**Problem:**
Print out every line of the material exactly. Include no pictures.

Top of Material provided

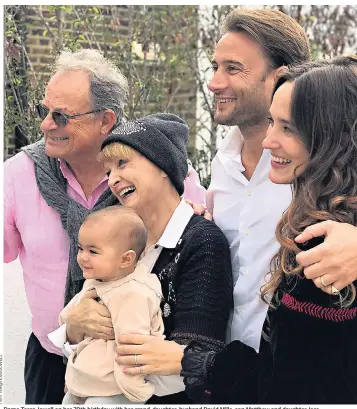  ??  ?? Dame Tessa Jowell on her 70th birthday with her grand-daughter, husband David Mills, son Matthew and daughter Jess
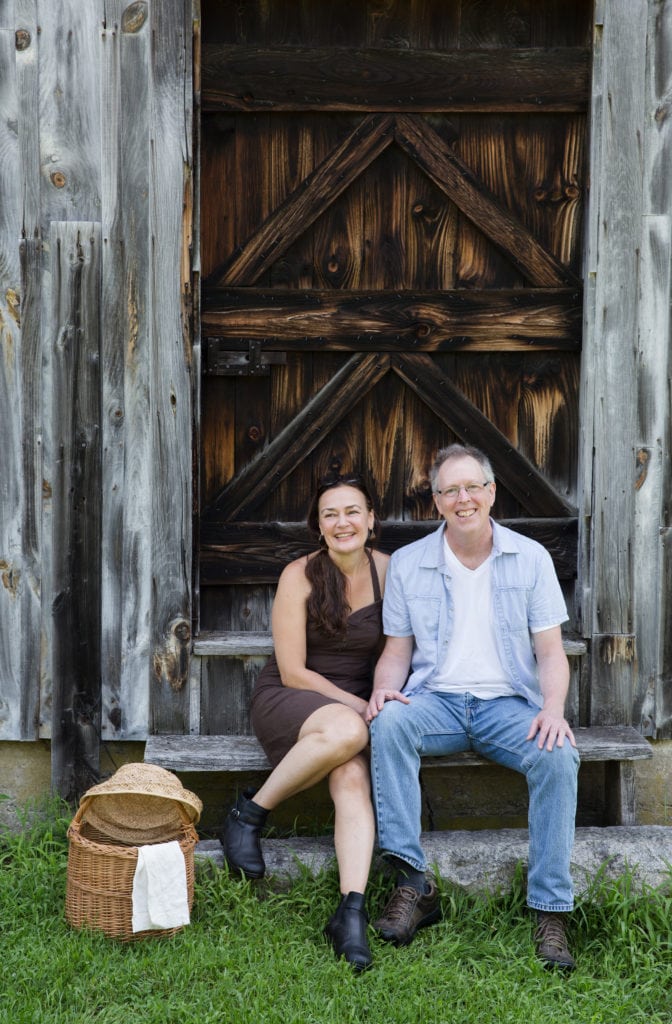 Dar Tavernier-Singer and John Singer of Tavernier Chocolates in front of a barn at Scott Farm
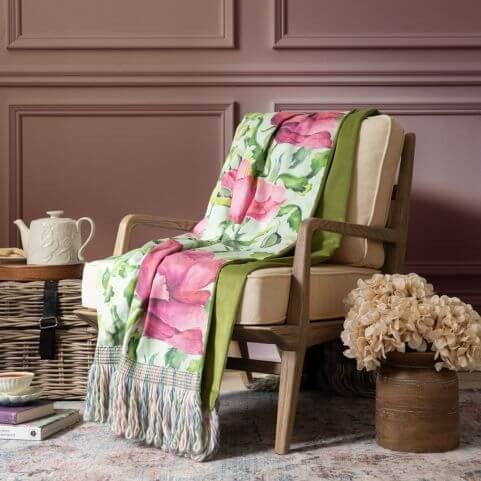 A sage fringed throw with a printed design of summer florals, draped over an arm chair alongside co-ordinating summer decor.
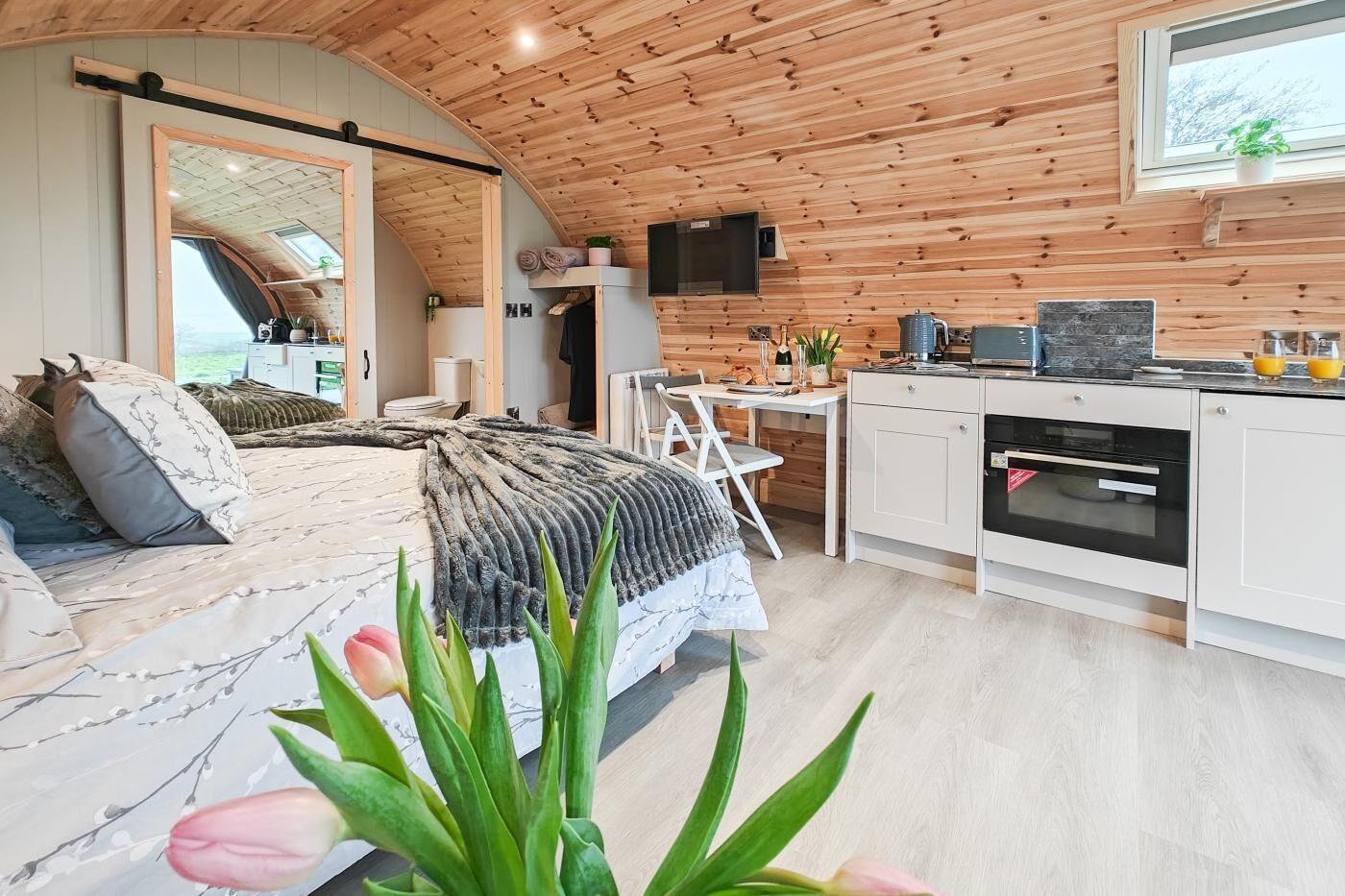 A bedroom with a bed, a desk, and a kitchenette.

Bottom of Material provided

**Answer section:**
  ??  ?? Dame Tessa Jowell on her 70th birthday with her grand-daughter, husband David Mills, son Matthew and daughter Jess
 Dar Tavernier-Singer and John Singer of Tavernier Chocolates in front of a barn at Scott Farm
 A sage fringed throw with a printed design of summer florals, draped over an arm chair alongside co-ordinating summer decor.
 A bedroom with a bed, a desk, and a kitchenette.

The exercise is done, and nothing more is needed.